PORDENONE - È tutta in mani friulane la rinascita della storica Presotto Industrie Mobili Spa di Maron di Brugnera, fallita l’8 novembre perché non è riuscita a rispettare i termini del concordato preventivo a cui era stata ammessa nel 2018. Ad aggiudicarsi l’affitto temporaneo dell’azienda, con l’impegno ad acquistarla e a riassumere 80 dei 105 dipendenti, non è stata la società veneta che si era fatta avanti con la curetala, ma la Domi Srl di San Giovanni al Natisone, società del gruppo Domitalia, il cui legale rappresentante è Elvis Tafaruci, fondatore della Tafaruci Design.
LA GARA
Sono bastati nove giorni al curatore fallimentare, Alberto Poggioli, per chiudere l’operazione.
I RILANCI
Il giudice delegato Roberta Bolzoni ha deciso di focalizzare i rilanci sul canone d’affitto e sul costo indicato per l’acquisto dei macchinari. La Domi Srl non ha mollato aggiudicandosi la gara. Il canone d’affitto è schizzato a 5.700 euro mensili, mentre per i beni mobili la promessa d’acquisto vale 525mila euro (il gruppo vicentino ha lasciato a 500mila euro). «Nel giro di due o tre giorni - prometto Poggioli - conto di formalizzare l’aggiudicazione, non possiamo perdere tempo, perché un’azienda che resta chiusa rischia di perdere i rapporti commerciali. Ci auguriamo che tutto riparta e rinasca».
L’AZIENDA
Le chiavi della Presotto saranno dunque consegnate alla Domi Srl, che proseguirà l’attività nel capannone di 33mila metri quadrati che si trova a Maron e che è in leasing (l’altro capannone, che è in affitto, era stato acquistato da Ibla Capital nell’ambito del concordato). L’affitto, stando al cronoprogramma della curatela, dovrebbe durare soltanto qualche mese, perché poi si procederà con la vendita, che avverrà prima dell’adunanza dei creditori fissata per l’8 marzo.

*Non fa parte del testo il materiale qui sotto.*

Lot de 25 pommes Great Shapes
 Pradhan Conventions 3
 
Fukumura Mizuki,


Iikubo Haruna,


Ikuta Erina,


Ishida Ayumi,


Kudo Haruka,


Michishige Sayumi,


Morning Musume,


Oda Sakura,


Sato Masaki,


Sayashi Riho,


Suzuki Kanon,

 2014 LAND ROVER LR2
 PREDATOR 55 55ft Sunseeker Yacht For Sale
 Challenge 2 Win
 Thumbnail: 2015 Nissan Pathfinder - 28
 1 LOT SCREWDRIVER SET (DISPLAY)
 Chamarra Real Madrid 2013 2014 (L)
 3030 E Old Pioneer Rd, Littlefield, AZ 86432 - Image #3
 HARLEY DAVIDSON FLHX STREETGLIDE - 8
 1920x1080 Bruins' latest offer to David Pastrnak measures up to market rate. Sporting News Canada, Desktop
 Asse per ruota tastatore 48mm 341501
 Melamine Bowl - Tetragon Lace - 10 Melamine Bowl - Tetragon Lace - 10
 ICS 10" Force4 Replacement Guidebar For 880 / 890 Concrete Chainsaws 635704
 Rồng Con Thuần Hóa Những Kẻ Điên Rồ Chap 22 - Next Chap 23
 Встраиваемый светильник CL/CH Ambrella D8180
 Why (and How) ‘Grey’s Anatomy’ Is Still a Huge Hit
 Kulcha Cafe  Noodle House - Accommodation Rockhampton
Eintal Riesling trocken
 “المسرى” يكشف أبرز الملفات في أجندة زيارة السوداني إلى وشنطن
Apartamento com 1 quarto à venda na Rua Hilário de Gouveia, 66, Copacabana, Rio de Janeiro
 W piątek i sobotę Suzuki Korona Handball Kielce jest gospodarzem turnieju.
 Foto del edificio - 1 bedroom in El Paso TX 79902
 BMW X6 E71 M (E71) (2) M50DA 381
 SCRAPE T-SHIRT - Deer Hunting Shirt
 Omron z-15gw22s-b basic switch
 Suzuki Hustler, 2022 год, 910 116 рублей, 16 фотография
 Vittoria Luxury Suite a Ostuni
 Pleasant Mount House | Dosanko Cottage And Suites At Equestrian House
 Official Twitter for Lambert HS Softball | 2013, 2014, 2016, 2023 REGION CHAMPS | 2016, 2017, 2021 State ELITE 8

È una fase molto delicata, ma le premesse fanno ben sperare per i lavoratori.
L’AUTOFALLIMENTO
Era stato il socio di maggioranza - la Ibla Capital, un fondo che aveva acquisito il 90% delle quote - a chiedere l’autofallimento. A settembre aveva messo in vendita le partecipazioni sociali. Si era fatto avanti un imprenditore del settore, ma l’operazione non è riuscita: era disposto a rilevare l’azienda, ma non i suoi debiti. L’autofallimento è stata la soluzione per salvare oltre 70 anni di storia tra tradizione è innovazione.
IL PASSIVO
Il concordato prevedeva il rafforzamento del brand, l’allargamento della distribuzione, soprattutto in chiave export, e investimenti ulteriori nell’innovazione del prodotto. Prevedeva il pagamento dei creditori entro cinque anni (30 milioni di passivo per circa 700 creditori) e si basava sulla vendita del capannone per 4,4 milioni di euro. La promessa d’acquisto da parte di Ibla Capital era stata rispettata, ma non secondo quanto previsto, perché se lo aggiudicò all’asta con un ribasso che aveva fatto scendere l’importo a 2,3 milioni, somma utilizzata per pagare le ipoteche.